--- Exercise requirements ---
Print the lines in the listing below that fall between the line with "Zweiteiliges Silikonarmband, 18" and the line with "Rolex Datejust 31mm, 18k", those two lines included, exactly as they stand and with nothing else.

--- Supplied information ---
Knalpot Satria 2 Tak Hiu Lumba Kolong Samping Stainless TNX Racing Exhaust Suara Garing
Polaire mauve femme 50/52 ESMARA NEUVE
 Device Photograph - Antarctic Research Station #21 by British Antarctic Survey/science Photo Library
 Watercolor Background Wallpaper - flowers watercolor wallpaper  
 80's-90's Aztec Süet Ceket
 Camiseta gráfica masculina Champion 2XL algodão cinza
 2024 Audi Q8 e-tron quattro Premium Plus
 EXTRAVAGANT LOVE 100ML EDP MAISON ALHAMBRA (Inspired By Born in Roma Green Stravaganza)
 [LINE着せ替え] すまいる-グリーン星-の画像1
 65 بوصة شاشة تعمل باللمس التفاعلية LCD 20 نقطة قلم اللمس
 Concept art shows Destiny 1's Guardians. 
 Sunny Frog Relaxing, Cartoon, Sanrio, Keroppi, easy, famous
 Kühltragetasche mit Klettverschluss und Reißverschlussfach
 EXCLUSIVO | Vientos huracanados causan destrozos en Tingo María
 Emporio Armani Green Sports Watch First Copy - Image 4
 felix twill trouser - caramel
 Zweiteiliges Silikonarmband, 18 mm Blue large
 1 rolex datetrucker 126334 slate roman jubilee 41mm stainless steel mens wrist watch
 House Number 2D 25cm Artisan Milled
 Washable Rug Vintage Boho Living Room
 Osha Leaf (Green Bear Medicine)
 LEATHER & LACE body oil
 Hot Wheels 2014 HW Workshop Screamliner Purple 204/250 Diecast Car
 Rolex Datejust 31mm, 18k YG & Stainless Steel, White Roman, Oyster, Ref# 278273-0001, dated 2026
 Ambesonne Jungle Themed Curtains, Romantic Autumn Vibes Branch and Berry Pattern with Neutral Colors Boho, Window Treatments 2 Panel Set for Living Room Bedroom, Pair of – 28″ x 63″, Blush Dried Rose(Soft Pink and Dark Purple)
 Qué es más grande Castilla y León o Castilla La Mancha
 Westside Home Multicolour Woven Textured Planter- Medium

--- Written response ---
 Zweiteiliges Silikonarmband, 18 mm Blue large
 1 rolex datetrucker 126334 slate roman jubilee 41mm stainless steel mens wrist watch
 House Number 2D 25cm Artisan Milled
 Washable Rug Vintage Boho Living Room
 Osha Leaf (Green Bear Medicine)
 LEATHER & LACE body oil
 Hot Wheels 2014 HW Workshop Screamliner Purple 204/250 Diecast Car
 Rolex Datejust 31mm, 18k YG & Stainless Steel, White Roman, Oyster, Ref# 278273-0001, dated 2026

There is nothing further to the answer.